I have mixed feelings about this. I think all parents are, by nature of being parents, “qualified” to homeschool. Meaning that if one truly understands that the parent possesses the educational authority, and has the best interests in the child at heart, other factors should not be presented as a barrier.
I am not talking about abuse (just to be clear), and I don’t even know in this case. I don’t see where sending the kids to school would have really changed anything, really. The family still would have been that perfect exterior on a cracked foundation.
Perhaps, as Kristina noted, this could have actually made adjusting more difficult.
What I do feel strongly about is that families need to realize that they bear the responsibility for their child’s education. That does not mean homeschool them. It means taking responsibility…following up with teachers, knowing what the child should be learning, enforcing homework, standing up for the child in the system when necessary, etc.

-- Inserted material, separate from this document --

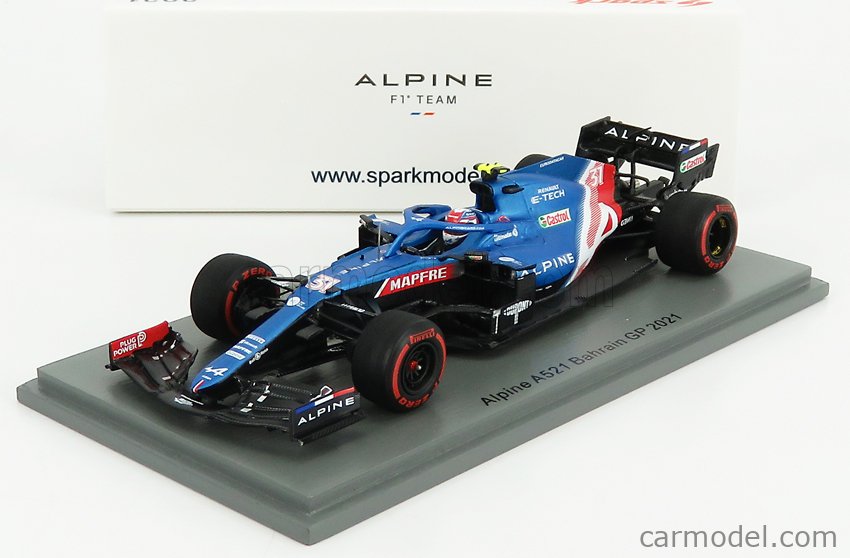 Spark Model S7665 Scale 1 43 Renault F1 A521 Renault E Tech b Team Alpine N 31 Bahrain Gp 21 Esteban Ocon Blue Met Red White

If all parents saw education as their responsibility, one which they are free to enlist the help of others to obtain (through the private or public options), I think we would not have the problems we have in our schools today. Because most of our nation’s education problems are not with funding or teacher training, but with societal factors.
An interesting phenomenon of life onboard a submarine is that sailors get used to the rancid smell of manufactured air while submerged. It has an oily, nasty odor. After a few weeks submerged, a sailor will exit their boat and discover that fresh air smells bad. Once re-acclimated to the scent of clean, fresh air, they will discover that their uniforms reek horribly. It is almost impossible to remove the smell. The normal becomes abnormal, and then has to be reversed.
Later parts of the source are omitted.